Tahap berikutnya adalah pembentukan dan perataan dasar tebing mengunakan Alat Berat Excavator dan Dump Truck Permukaan tanah dipersiapkan agar memiliki kemiringan yang stabil sebelum ditutup dengan material pelindung. Pada beberapa kondisi, dapat dipasang lapisan geotekstil sebagai pemisah antara tanah dasar dan batu. Lapisan ini berfungsi mengurangi terbawanya partikel tanah oleh aliran air, sementara air tetap dapat mengalir melalui celah material.
Batu di angkut oleh Dump Truk dari Quarry menuju Lokasi pekerjaan kemudian dihamparkan dan disusun mengikuti bentuk mengunakan Alat Berat. Batu yang digunakan harus cukup keras, padat, dan memiliki ukuran yang sesuai dengan kekuatan arus sungai. Penyusunan batu dilakukan secara rapat dan saling mengunci agar tidak mudah bergeser saat terkena tekanan air.
Pada bagian dasar, susunan dump stones dibuat lebih lebar mengunakan batu yang lebih besar dan kuat karena area tersebut menerima tekanan arus paling besar. Bagian atas konstruksi harus disambungkan dengan tanah di sekitarnya secara baik untuk mencegah air masuk ke belakang lapisan batu dan melemahkan struktur tebing.
Manfaat bagi Masyarakat dan Lingkungan
Konstruksi dump stones memberikan manfaat langsung dalam mengendalikan erosi pada dinding Sungai Sesayap. Tebing yang lebih terlindungi dapat mengurangi risiko longsor, sedimentasi, dan kerusakan lahan di sekitarnya. Perlindungan ini penting terutama saat terjadi peningkatan debit air akibat curah hujan tinggi.

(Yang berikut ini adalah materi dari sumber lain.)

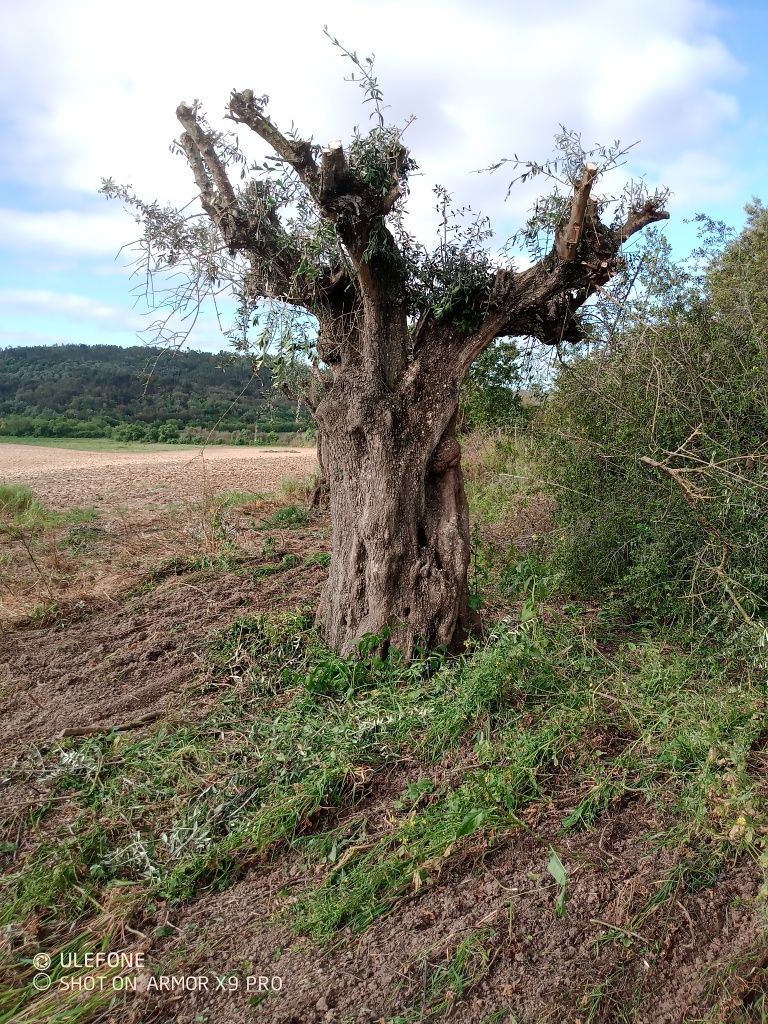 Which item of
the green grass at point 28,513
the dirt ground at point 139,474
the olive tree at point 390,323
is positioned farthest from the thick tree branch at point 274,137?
the green grass at point 28,513

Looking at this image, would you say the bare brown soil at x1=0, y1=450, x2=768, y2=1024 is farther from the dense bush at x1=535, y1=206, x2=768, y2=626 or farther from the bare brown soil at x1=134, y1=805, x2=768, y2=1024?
the dense bush at x1=535, y1=206, x2=768, y2=626

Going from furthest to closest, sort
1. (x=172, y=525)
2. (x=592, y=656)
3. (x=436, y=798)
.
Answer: (x=172, y=525), (x=592, y=656), (x=436, y=798)

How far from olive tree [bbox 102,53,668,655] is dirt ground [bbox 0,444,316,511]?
3837mm

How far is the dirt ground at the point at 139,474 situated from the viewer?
1165 cm

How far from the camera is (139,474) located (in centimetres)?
1441

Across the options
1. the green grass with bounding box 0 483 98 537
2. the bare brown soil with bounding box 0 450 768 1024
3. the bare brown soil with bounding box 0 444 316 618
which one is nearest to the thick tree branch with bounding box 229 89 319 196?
the bare brown soil with bounding box 0 450 768 1024

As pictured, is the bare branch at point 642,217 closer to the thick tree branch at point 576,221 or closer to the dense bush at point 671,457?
the thick tree branch at point 576,221

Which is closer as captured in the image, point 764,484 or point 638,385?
point 764,484

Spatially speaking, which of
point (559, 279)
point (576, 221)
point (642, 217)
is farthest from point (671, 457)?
point (576, 221)

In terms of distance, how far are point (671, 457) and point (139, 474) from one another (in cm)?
1132

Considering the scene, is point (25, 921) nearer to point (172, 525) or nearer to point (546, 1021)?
point (546, 1021)

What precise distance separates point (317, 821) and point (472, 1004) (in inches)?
49.4

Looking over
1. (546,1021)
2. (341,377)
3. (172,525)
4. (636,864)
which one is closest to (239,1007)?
(546,1021)

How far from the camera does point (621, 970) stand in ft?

Dari sisi sosial, pembangunan ini membantu menciptakan rasa aman bagi warga Desa Tanjung Lapang yang tinggal atau beraktivitas di sekitar sungai. Infrastruktur penahan tebing juga dapat mendukung keberlanjutan akses jalan, kebun, maupun fasilitas umum yang berada dekat dengan bantaran sungai.
Dalam pelaksanaannya, pekerjaan perlu memperhatikan kondisi lingkungan setempat. Pengambilan batu harus berasal dari sumber yang legal dan terkendali, sedangkan kegiatan konstruksi harus diatur agar tidak menghambat aliran sungai atau menimbulkan pencemaran.
Penutup
Pembangunan konstruksi dump stones penahan tepi dinding Sungai Sesayap di Desa Tanjung Lapang, Kabupaten Malinau, merupakan salah satu bentuk pengamanan tebing yang efektif dan ekonomis. Penggunaan batu berukuran 70–80 cm yang disusun berbentuk trapesium mampu meredam energi aliran sungai, mengurangi dampak erosi dan menjaga kestabilan bantaran sungai Dengan perencanaan yang baik, pelaksanaan yang sesuai spesifikasi teknis, pemilihan material yang tepat, konstruksi ini diharapkan dapat memberikan perlindungan jangka panjang terhadap abrasi dan menjaga keberlangsungan lingkungan serta infrastruktur di kawasan bantaran Sungai Sesayap.
Keberhasilan pembangunan tidak hanya ditentukan oleh kualitas pekerjaan, tetapi juga oleh pemeliharaan berkala. Pemeriksaan setelah musim hujan atau banjir perlu dilakukan untuk memastikan batu tetap stabil dan bagian yang mengalami pergeseran dapat segera diperbaiki.